Support for dynamic circuits and network-aware topologies

Notes from an email

I have had a few email discussions of my ideas about PhEDEx interaction with a network where bandwidth could be reserved on demand. Here's a summary of the ideas I came up with:

PhEDEx is the CMS data-placement management tool, it is responsible for scheduling the transfer of CMS data across the grid, using FTS, SRM, FTM, or whatever transport package people like. PhEDEx typically queues data in blocks of several tens of TB, up to about 12 PB, for a given source and destination. As such, it's a natural candidate for using dynamic circuits, and could be extended to make use of such an API.

The first question for me is where in the stack such a dynamic reservation would be made. It could, in principle, be in the guts of PhEDEx, or at some lower level (FTS server?) such that PhEDEx remains oblivious to its existence. It depends if the circuit is to be built before the transfer starts, or in response to the observed traffic on the wire.

In either case, I need to know how the experiment can set policies for reservation. IIUC, the following statements are true:

  • reserved circuits may give access to bandwidth which is not available to non-reserved traffic, at least in some circumstances, depending on the endpoints in question.
  • whether using a reserved circuit or not, there is competition for bandwidth. On a non-reserved circuit, users fight it out in the usual TCP manner. On a reserved circuit, users compete to make a reservation - I may not manage to reserve a circuit if the resources are fully booked.

If those are true, then there has to be a concept of policy, budget, or penalty for under-utilised reservations. Otherwise, my strategy has to be to book as much as I can, everywhere, always, whether I use it or not. When I do use it, I will get maximum performance. However, that will hurt other users, who can then not book their own circuits, so they will attempt to follow the same strategy. It's a classic tragedy of the commons.

So I need a policy for deciding when to book a circuit. and the simplest policy I can imagine is: use a circuit if the performance I would get with a circuit significantly exceeds that which I would get without one.

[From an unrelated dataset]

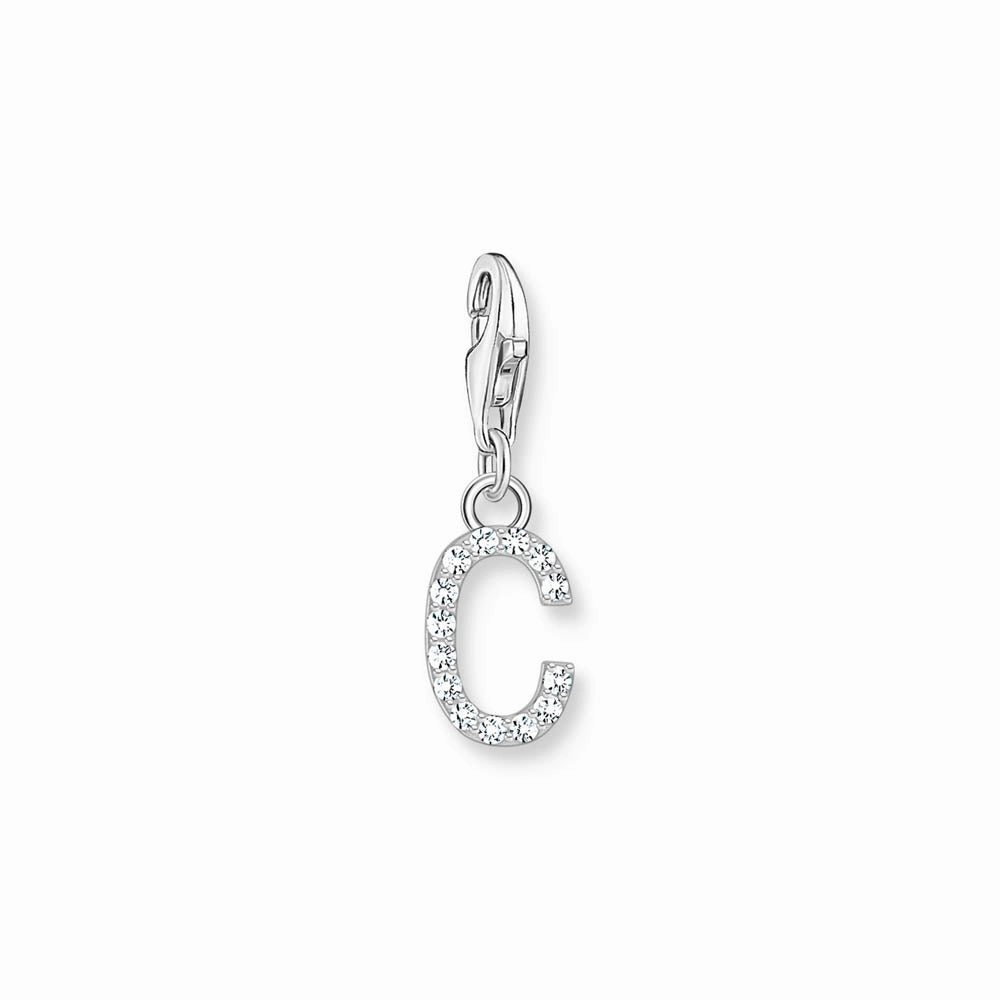 Thomas Sabo Sterling Silver Charmista CZ Letter "C" Charm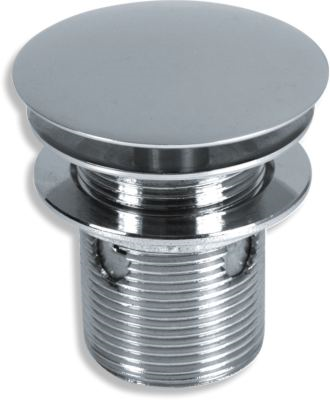 Uzáver výpusti LUXUS pre umývadlo bez prepadu, chróm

That immediately implies I need performance figures for transfers with and without circuits. I can manage that myself, providing I know when a circuit is in use. The interesting bit comes when I do decide that it's worth using a circuit.

Take, for example, the case where I have 1 PB of data to transfer between two points. If I don't reserve a circuit, I expect to transfer at 1 Gbps (for example), so it will take 8 million seconds to arrive. Let's assume I can book a circuit with bandwidth from 0 to 10 Gbps. Clearly booking a circuit below 1 Gbps is not worthwhile (unless I prefer determinism over speed, which I don't). But what if my storage elements cannot handle more than 5 Gbps? I may well have an upper limit too.

So, for this transfer, I want to book a circuit which will give me more than 1 Gbps, less than 5 Gbps, and keep that circuit long enough to transfer 1PB. I want to call an API:

book_circuit(bw_min=1 Gbps, bw_max=5 Gbps, volume=1 PB)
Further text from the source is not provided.